Yale standout supports teammates, takes knee
By DESMOND CONNER | The Hartford Courant (Tribune News Service) | Published: October 29, 2017
Yale senior left tackle Karl Marback didn't want to talk about joining his black teammates in kneeling near the sideline at Yale Bowl two weeks ago.
He refused a request to talk about it then, after the Bulldogs blanked Holy Cross, 32-0, but that was two weeks ago. Marback, a semifinalist for the William Campbell Trophy awarded to the nation's top football student-athlete, came to the press room ready to discuss it Saturday after the Bulldogs' 23-6 over Columbia, the 900th win in school history.
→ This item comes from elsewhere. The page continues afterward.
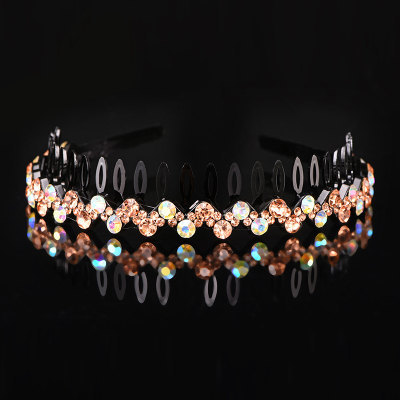 Estilo coreano nueva dentada antideslizante rhinestone diadema moda simple venta caliente onda cristal diadema horquilla tocado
"I'm just out there to support my guys, but they put it out like, 'Hey, this is something we're going to do. If you want to join us, join us, if you don't, don't; that's cool," the 6-foot-5, 296-pound Marback said. "As soon as the guys decided that's something they wanted to do, I just wanted to be there to support them."
Most of the players who are kneeling on the Bulldogs sideline are black, but there are white Yale football players supporting them, such as Marback, wide receiver JP Shohfi and a few others.
Will there be more?
"I'm not keeping track but the really good thing this time, compared to last time, is as the guys came up to us, the guys who weren't going to kneel, they came to us and said, 'Hey, how about you guys get in front of us, then we can put our hands on you.' They were being very supportive even if kneeling wasn't something they wanted to do. They were being very supportive of their teammates. The last time all the guys were kneeling by the D [defensive] bench behind the guys, standing; this time we were up on the sideline."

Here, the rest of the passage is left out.